Wednesday, May 4, 2011

Every passing day, this becomes a play ground of excesses. As I rush towards borders with the rough wind scarring my face and the sun branding my skin, and I cling on to you just that much tighter. Bury my head on your shoulder and inhale deeply. I feel safe. Arguments pile up, conversations show serrated edges between our fingers. And you look at me with complete disbelief- How could you DO this? How could you ever imagine anything else?
I never imagined anything else. Never the anger, never the fear of having to lose any little bit of us. Just never seemed possible that you and I would be on opposite sides of any battle field anywhere. Leave alone this swings and slides of excesses. And I look at you- pouting- You didn’t let me swing. You grab my hand a little tighter and pull me away.
Tomorrow. I promise.

Sunday, May 1, 2011

Leave no Memories

Sometimes it is just that much harder to fathom what sort of an effect you have left on someone’s life. You may not bother and with a shrug of a shoulder push their thoughts away into the dark recesses with so many other abandoned memories.
There are memories of a touch, a look, a certain off-handed event with no connection to the rest that followed. Affection itself is one of the most over whelming memories. And I want to leave none.

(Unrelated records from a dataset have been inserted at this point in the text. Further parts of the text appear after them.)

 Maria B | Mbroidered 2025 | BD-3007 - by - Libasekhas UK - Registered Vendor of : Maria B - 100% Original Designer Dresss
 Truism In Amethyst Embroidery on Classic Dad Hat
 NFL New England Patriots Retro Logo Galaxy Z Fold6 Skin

I cannot imagine I affected you, mattered that much. There is no internal or private triumph in this statement. There is just overwhelming sorrow. When I leave I want to take the memories with me, take a wet wash cloth and wipe your mind clean. Settle your collar and kiss you on the forehead and say- go fall in love. Again. One more time. And this time it may be forever.

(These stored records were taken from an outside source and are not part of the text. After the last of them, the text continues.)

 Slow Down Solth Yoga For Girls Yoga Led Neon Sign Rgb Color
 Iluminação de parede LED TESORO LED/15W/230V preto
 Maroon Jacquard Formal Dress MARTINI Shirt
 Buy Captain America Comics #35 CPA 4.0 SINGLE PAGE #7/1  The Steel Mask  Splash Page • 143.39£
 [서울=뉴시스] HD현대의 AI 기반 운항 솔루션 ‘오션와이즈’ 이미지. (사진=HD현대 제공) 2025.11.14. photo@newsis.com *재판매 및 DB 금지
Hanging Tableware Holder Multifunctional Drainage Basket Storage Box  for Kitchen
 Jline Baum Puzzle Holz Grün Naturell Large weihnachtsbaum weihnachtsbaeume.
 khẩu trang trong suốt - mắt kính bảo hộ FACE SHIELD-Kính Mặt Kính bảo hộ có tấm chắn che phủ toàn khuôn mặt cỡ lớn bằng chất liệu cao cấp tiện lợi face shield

I don’t want to come to mind in sullen hours. I want to physically rip those pages out, get someone to do it- someone you don’t know and thus might trust involuntarily.

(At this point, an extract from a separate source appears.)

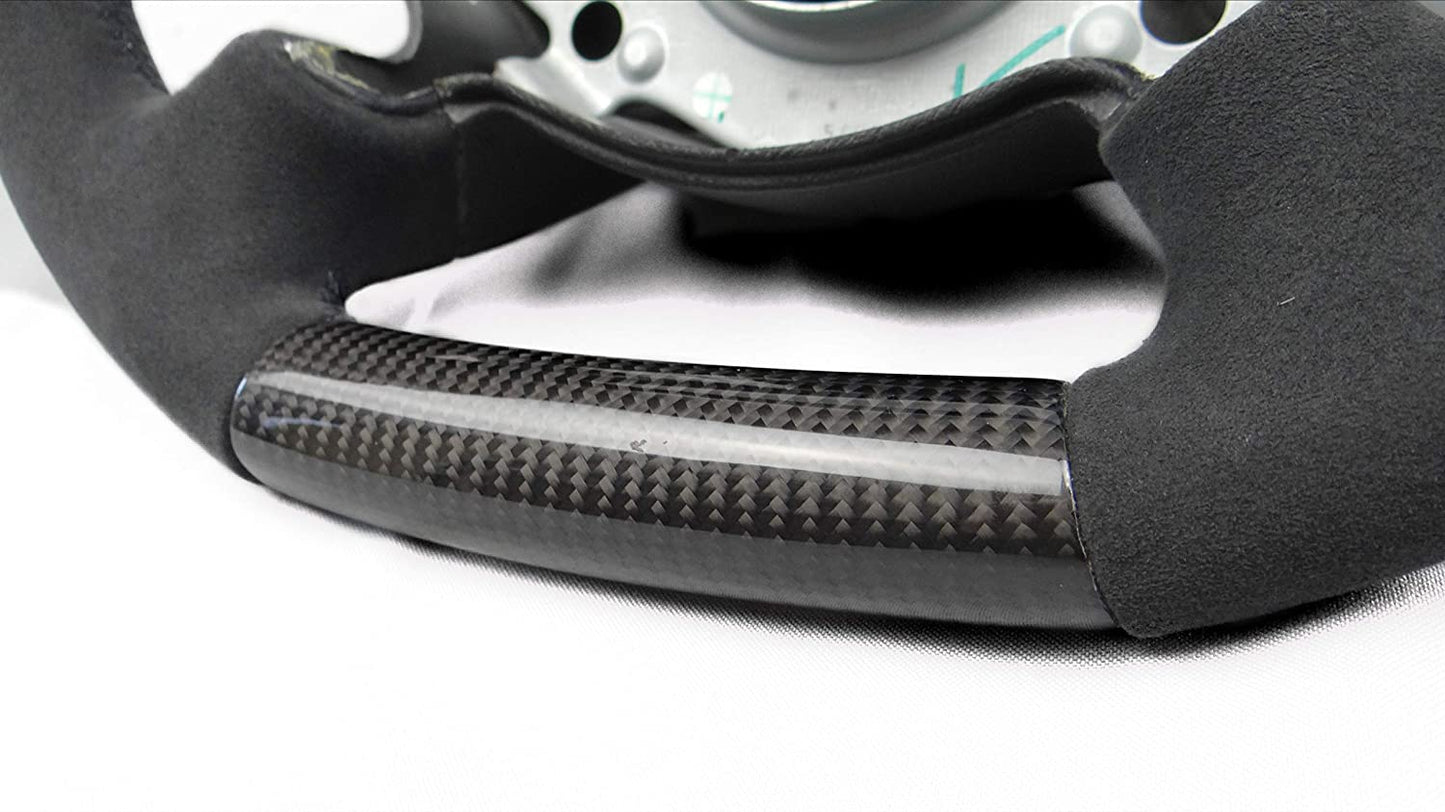 Steering Wheel Carbon Fiber Alcantara for Mercedes-Benz W211 W463 W219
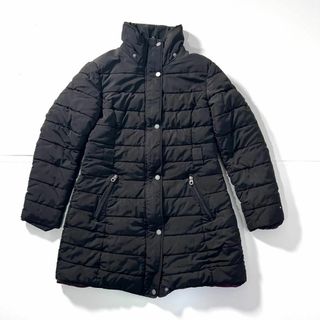 トミーヒルフィガー(TOMMY HILFIGER)のトミーヒルフィガー ダウンコート 中綿 ブラック レディース Aライン XS(ダウンジャケット)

Why would I want to take them all away? Because knowing that I am a memory for you- makes it that much harder to use a wash cloth on my mind. Thoughts get tied in this terrible chaotic chain reaction, each implosion of tears into the veins followed swiftly by another.
It saddens me to leave memories.
To know that you have not let go of me quite yet- makes it that much harder to let go of you.